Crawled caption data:
=== Section Start ===
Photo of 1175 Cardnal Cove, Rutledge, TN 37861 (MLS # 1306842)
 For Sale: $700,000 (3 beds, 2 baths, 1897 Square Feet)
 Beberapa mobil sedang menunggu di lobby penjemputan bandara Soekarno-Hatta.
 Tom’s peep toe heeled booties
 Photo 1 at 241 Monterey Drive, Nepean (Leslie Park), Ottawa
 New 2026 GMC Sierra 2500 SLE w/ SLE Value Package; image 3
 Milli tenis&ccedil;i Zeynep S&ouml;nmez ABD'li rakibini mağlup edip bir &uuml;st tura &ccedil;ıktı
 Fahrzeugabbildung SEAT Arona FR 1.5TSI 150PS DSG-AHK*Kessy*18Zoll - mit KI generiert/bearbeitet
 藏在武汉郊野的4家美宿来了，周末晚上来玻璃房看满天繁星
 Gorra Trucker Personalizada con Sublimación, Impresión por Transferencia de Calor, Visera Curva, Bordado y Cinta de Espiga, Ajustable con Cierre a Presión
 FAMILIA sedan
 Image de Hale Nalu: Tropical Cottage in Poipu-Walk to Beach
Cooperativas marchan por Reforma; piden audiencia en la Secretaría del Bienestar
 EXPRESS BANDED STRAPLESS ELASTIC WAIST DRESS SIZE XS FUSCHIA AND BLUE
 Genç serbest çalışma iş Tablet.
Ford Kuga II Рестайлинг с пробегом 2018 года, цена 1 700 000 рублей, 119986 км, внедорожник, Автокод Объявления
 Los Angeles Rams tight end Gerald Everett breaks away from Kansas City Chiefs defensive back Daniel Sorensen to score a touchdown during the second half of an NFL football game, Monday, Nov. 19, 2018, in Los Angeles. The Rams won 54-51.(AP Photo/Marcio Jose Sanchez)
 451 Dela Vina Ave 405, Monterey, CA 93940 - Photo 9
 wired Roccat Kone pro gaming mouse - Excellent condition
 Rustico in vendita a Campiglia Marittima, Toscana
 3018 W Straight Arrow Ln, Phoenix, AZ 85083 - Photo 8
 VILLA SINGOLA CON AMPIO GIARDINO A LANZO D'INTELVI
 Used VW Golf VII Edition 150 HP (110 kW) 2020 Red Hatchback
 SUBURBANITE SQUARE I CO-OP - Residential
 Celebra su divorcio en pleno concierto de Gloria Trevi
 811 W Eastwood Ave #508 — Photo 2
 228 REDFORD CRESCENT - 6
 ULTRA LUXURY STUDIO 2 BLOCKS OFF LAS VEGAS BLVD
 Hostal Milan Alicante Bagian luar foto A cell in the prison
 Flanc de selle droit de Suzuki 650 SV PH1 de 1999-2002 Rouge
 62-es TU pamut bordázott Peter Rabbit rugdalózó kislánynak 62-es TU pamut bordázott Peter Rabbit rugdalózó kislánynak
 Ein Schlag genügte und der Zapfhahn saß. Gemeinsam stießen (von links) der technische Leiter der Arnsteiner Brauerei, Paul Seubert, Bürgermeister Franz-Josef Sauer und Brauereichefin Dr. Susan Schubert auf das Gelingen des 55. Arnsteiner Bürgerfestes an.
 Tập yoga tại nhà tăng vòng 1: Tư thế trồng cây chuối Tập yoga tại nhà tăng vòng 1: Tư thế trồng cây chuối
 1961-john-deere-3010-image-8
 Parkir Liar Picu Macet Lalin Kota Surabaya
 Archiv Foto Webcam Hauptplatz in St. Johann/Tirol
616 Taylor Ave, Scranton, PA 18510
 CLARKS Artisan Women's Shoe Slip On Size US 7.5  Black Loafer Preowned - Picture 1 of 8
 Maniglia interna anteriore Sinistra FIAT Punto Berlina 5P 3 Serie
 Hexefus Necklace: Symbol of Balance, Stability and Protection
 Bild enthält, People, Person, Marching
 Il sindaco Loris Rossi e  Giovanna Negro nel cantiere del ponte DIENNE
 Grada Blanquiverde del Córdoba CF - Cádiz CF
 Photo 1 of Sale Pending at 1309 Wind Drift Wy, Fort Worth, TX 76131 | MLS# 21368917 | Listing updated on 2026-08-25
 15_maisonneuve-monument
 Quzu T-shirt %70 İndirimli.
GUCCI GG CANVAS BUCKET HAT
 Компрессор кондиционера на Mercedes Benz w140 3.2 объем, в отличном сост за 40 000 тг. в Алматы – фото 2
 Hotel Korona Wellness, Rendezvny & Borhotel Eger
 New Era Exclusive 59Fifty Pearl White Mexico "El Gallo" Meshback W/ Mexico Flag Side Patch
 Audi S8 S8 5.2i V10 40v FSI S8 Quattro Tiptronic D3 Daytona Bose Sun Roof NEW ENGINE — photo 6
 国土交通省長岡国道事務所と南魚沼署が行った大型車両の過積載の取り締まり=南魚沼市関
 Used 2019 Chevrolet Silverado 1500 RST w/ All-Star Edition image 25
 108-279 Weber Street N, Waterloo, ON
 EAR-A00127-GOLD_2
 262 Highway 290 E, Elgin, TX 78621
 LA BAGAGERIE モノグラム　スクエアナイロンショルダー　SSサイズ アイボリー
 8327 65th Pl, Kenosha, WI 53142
=== Section End ===
REQUIREMENT: From the line holding "Beberapa mobil sedang" to the line holding "Milli tenis&ccedil;i Zeynep", inclusive, restate each line above exactly as written.

COMPLETED TASK:
 Beberapa mobil sedang menunggu di lobby penjemputan bandara Soekarno-Hatta.
 Tom’s peep toe heeled booties
 Photo 1 at 241 Monterey Drive, Nepean (Leslie Park), Ottawa
 New 2026 GMC Sierra 2500 SLE w/ SLE Value Package; image 3
 Milli tenis&ccedil;i Zeynep S&ouml;nmez ABD'li rakibini mağlup edip bir &uuml;st tura &ccedil;ıktı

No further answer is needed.